WHAT YOU WILL DO: Transcribe the full listing without changing a word, and omit its pictures.

##### GIVEN DATA

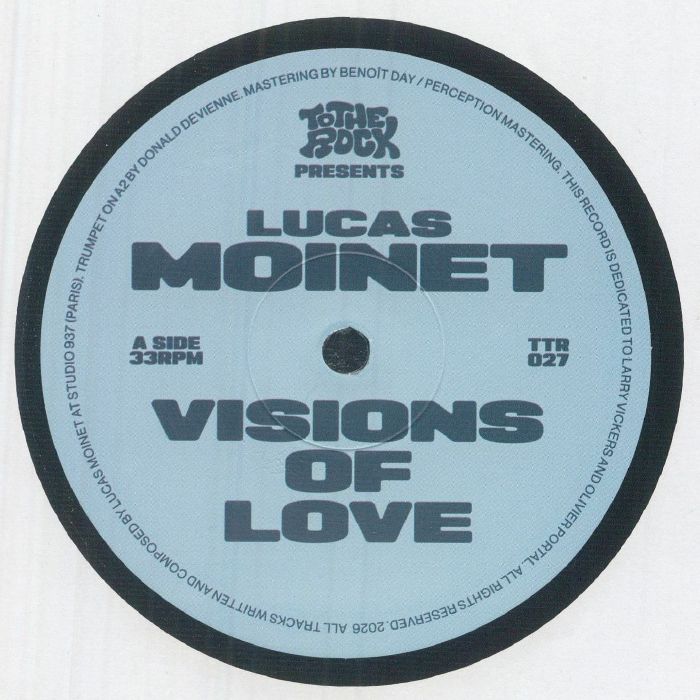 MOINET, Lucas - Visions Of Love vinyl sleeve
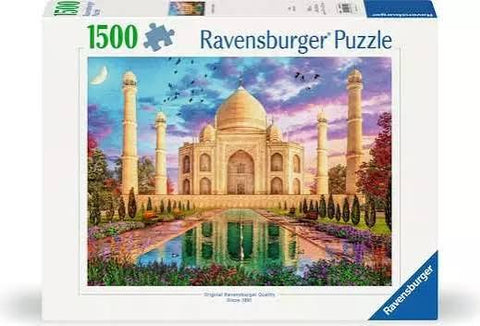 Ravensburger casse tete 1500mcx Enchanting Taj Mahal 12000741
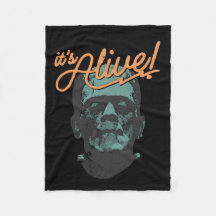 Retro Funny It's Alive Frankenstein Monster Spooky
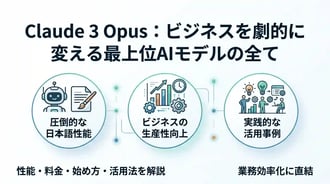 claude opusとは?最強AIの始め方と活用事例をわかりやすく解説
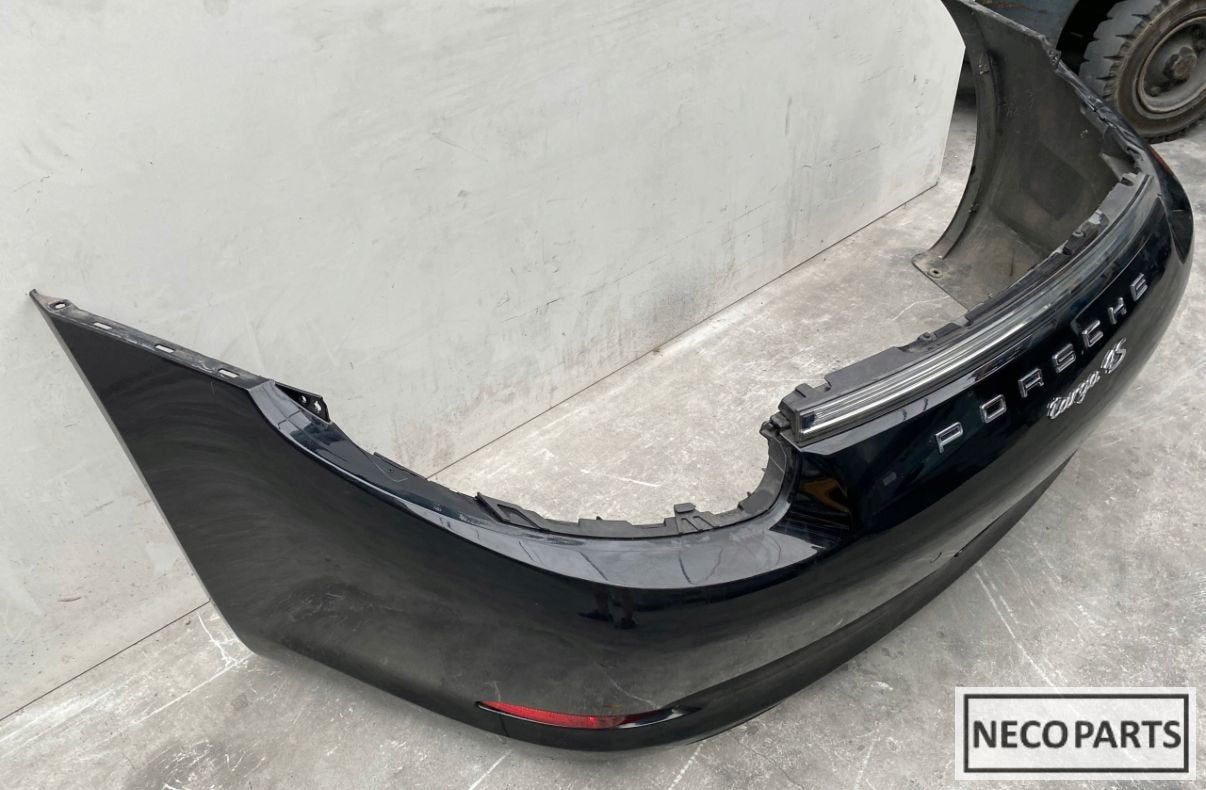 PORSCHE 991 TARGA 4S ACHTERBUMPER COMPPLEET ALLES LEVERBAAR!, Arrière, -, Porsche, Haillon arrière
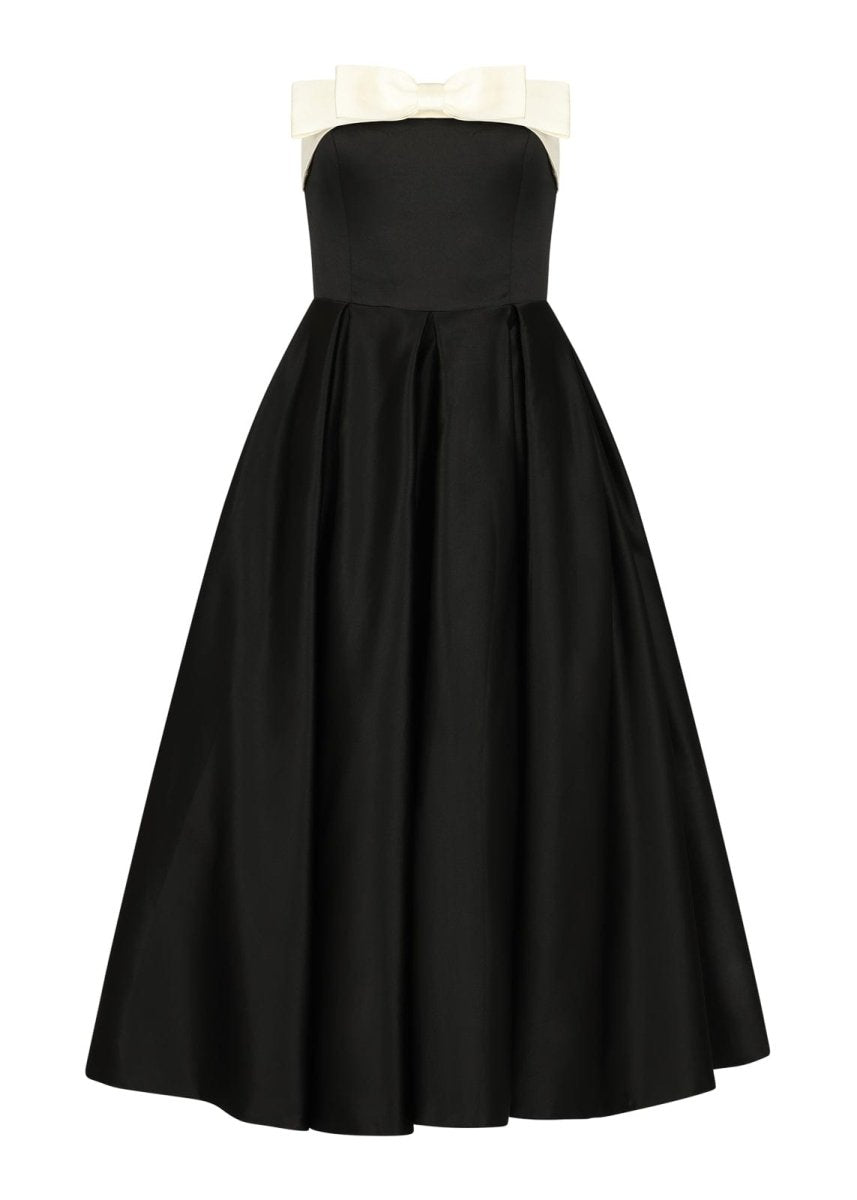 Sutton Dress - MISMIJK24301-W-BLK-00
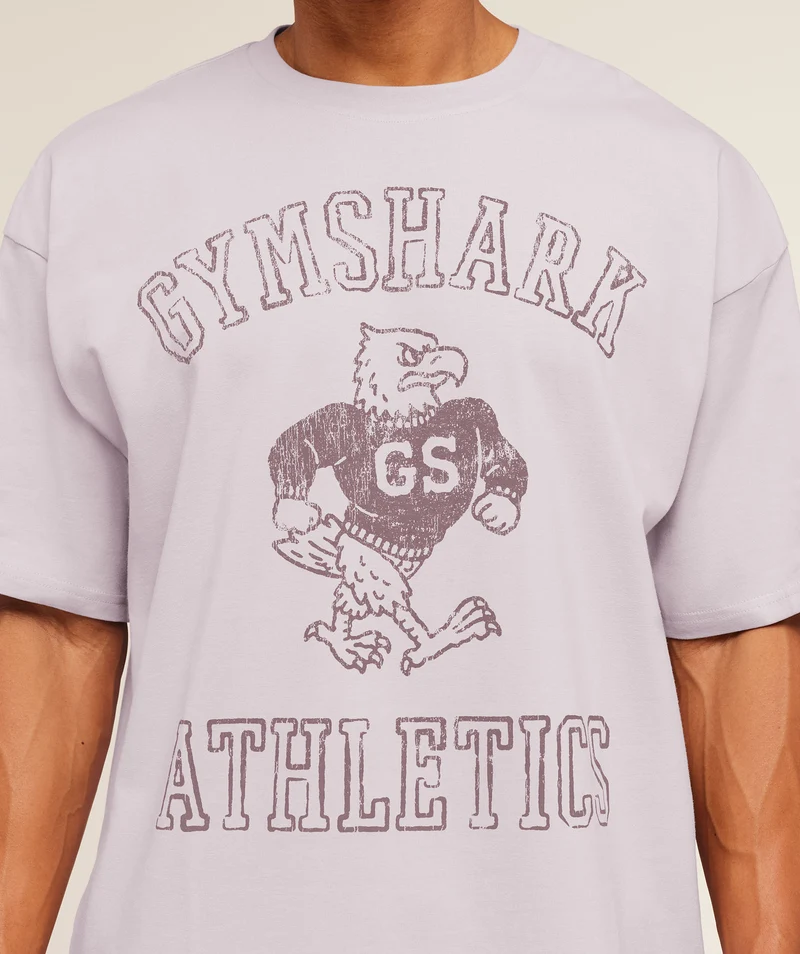 Gymshark Athletics T-Shirt - Dawn Purple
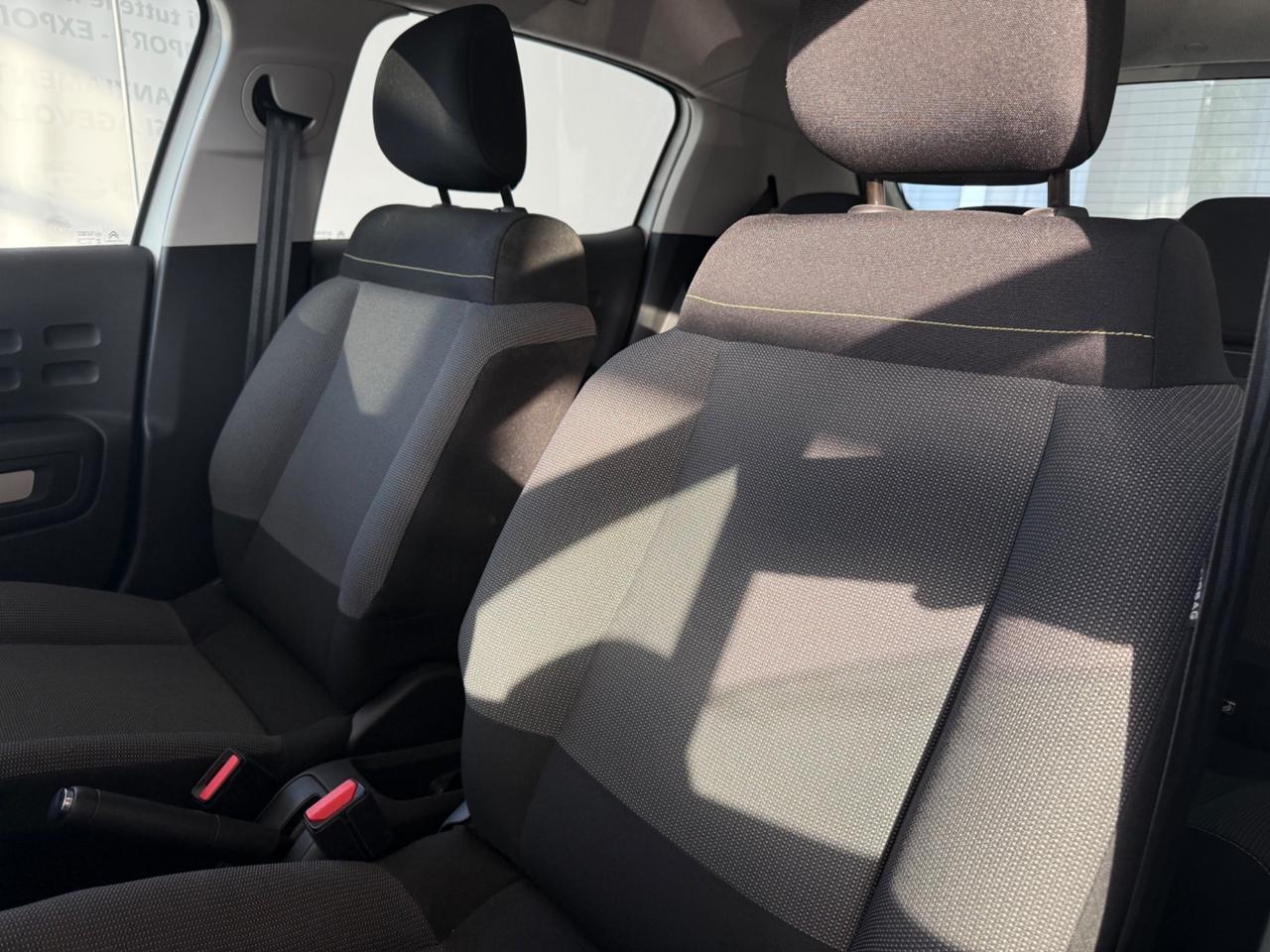Citroen C3 1.2Benzina Shine+AIRBUMP+FULL LED2022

##########

ANSWER BOX:
 MOINET, Lucas - Visions Of Love vinyl sleeve
 Ravensburger casse tete 1500mcx Enchanting Taj Mahal 12000741
 Retro Funny It's Alive Frankenstein Monster Spooky
 claude opusとは?最強AIの始め方と活用事例をわかりやすく解説
 PORSCHE 991 TARGA 4S ACHTERBUMPER COMPPLEET ALLES LEVERBAAR!, Arrière, -, Porsche, Haillon arrière
 Sutton Dress - MISMIJK24301-W-BLK-00
 Gymshark Athletics T-Shirt - Dawn Purple
Citroen C3 1.2Benzina Shine+AIRBUMP+FULL LED2022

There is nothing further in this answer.